→ **Work order**
Write out nothing but the lines from the first line of the entries below through the line with "Čalouněná postel 200x200"; no pictures go in.

→ **Available data**

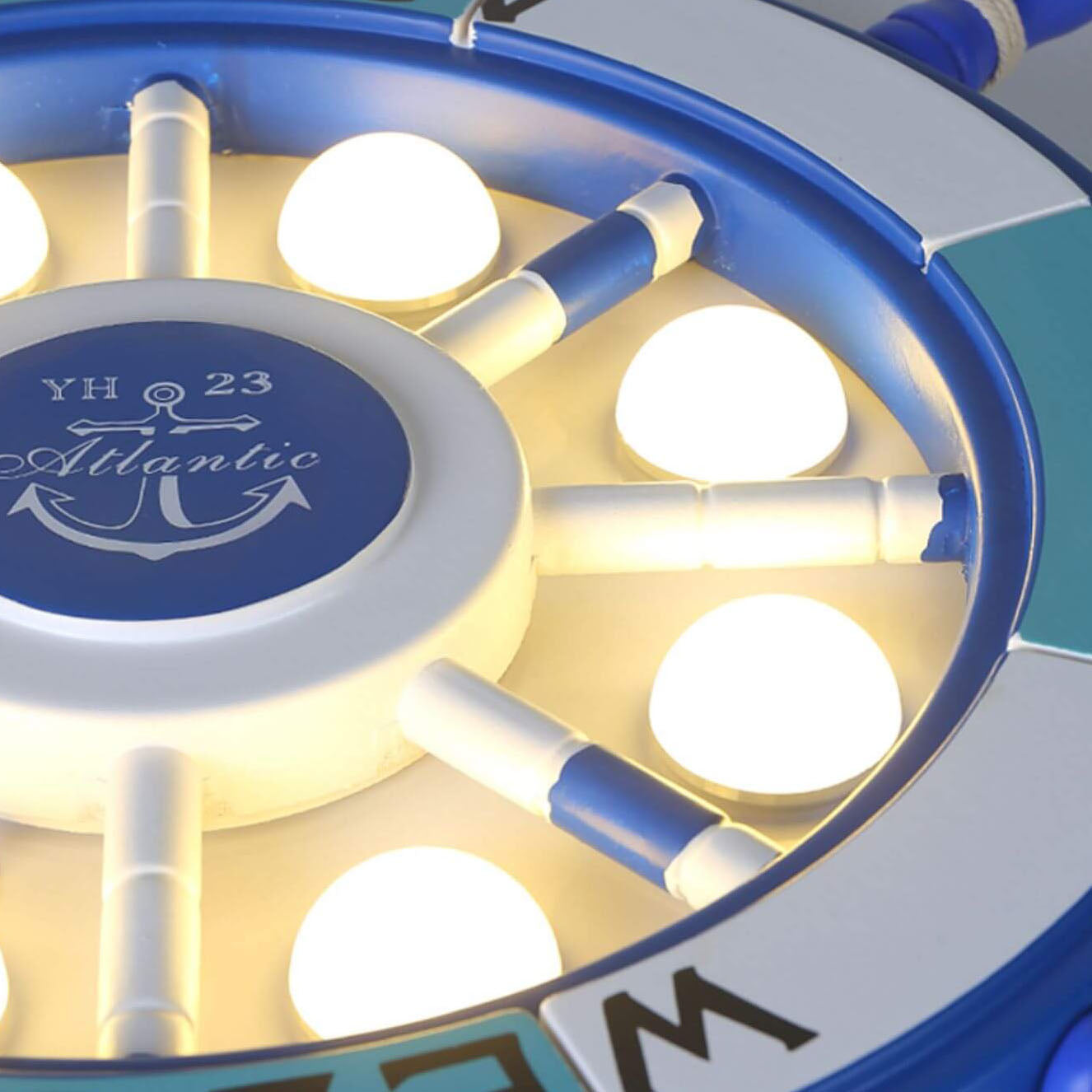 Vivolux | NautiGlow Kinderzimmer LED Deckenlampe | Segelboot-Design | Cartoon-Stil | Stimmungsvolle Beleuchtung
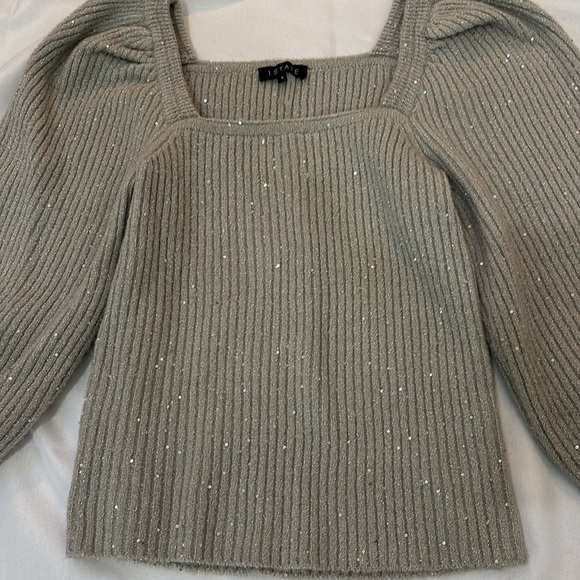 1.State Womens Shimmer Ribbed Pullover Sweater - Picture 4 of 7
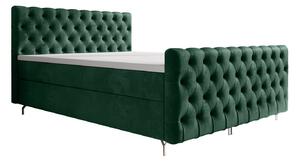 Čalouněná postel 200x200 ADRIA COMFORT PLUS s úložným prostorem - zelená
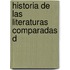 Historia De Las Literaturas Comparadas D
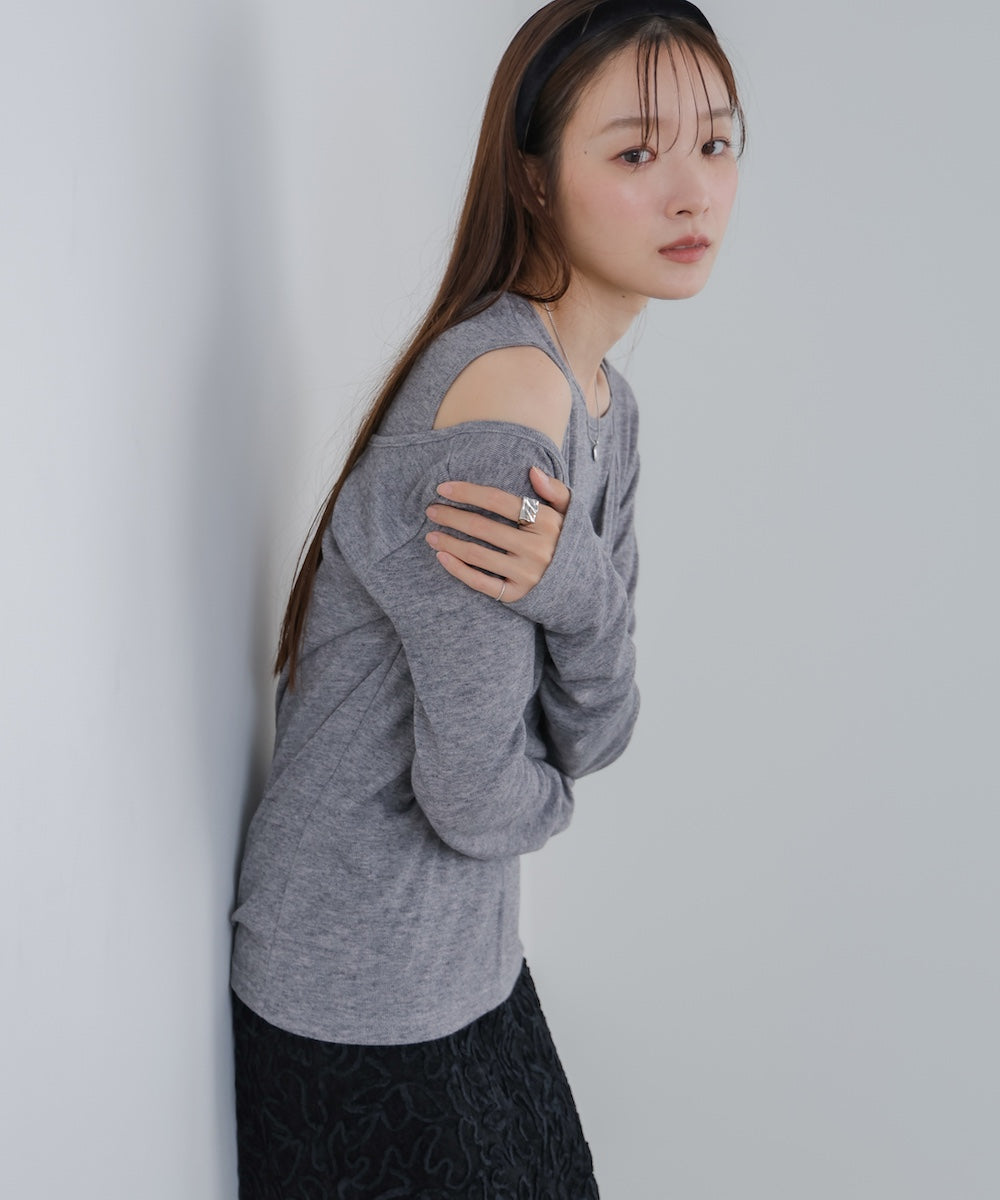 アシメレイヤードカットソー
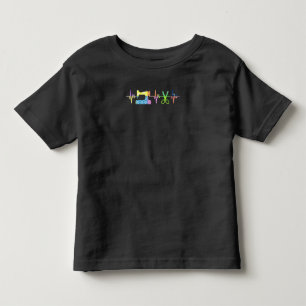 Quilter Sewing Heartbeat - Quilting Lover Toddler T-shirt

→ **Exercise output**
 Vivolux | NautiGlow Kinderzimmer LED Deckenlampe | Segelboot-Design | Cartoon-Stil | Stimmungsvolle Beleuchtung
 1.State Womens Shimmer Ribbed Pullover Sweater - Picture 4 of 7
 Čalouněná postel 200x200 ADRIA COMFORT PLUS s úložným prostorem - zelená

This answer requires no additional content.